Using the data below, determine the number of lines that include the string "Used". Write only that number.

※

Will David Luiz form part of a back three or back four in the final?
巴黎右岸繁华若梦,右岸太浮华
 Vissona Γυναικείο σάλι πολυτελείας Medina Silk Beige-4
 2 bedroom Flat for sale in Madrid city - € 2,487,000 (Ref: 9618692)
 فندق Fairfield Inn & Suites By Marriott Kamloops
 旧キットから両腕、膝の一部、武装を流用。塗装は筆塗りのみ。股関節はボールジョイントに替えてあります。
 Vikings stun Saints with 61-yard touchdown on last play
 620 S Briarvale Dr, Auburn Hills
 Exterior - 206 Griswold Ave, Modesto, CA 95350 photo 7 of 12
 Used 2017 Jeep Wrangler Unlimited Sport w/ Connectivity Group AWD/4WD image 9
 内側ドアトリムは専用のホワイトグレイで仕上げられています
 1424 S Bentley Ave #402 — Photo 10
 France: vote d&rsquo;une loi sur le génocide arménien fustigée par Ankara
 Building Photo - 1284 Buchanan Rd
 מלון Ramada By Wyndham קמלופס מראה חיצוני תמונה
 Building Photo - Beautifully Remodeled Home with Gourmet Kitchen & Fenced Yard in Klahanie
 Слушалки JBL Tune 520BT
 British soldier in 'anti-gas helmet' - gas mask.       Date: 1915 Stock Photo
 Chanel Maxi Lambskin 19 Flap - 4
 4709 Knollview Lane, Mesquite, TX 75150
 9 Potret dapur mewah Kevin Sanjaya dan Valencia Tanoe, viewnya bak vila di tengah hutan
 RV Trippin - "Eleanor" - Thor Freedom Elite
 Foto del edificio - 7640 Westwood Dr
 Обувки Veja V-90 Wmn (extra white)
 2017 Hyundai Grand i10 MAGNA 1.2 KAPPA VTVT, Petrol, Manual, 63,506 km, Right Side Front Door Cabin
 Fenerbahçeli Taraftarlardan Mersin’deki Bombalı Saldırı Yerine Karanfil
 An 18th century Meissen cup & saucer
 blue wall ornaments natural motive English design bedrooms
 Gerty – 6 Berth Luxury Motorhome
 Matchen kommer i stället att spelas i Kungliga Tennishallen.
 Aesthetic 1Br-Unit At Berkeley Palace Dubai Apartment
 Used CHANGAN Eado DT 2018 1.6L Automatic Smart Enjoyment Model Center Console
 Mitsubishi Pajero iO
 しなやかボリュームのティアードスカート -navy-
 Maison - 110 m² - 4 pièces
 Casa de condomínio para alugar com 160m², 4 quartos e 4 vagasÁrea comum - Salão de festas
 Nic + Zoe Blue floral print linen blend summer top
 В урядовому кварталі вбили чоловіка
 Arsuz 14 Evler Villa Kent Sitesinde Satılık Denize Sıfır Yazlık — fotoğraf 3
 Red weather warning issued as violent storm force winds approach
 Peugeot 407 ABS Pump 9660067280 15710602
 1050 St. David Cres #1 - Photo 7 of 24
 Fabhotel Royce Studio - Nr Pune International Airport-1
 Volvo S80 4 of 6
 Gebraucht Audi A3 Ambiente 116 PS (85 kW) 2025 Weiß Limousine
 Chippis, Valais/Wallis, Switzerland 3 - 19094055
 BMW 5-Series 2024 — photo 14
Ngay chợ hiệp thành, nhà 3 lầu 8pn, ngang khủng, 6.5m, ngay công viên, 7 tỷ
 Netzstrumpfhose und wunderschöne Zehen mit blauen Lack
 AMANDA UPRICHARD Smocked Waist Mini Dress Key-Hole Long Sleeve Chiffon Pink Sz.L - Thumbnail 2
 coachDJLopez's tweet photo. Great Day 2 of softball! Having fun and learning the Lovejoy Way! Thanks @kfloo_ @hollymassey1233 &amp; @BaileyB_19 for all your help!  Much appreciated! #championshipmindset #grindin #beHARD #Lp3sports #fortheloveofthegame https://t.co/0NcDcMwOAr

※

— PROBLEM SOLUTION —
2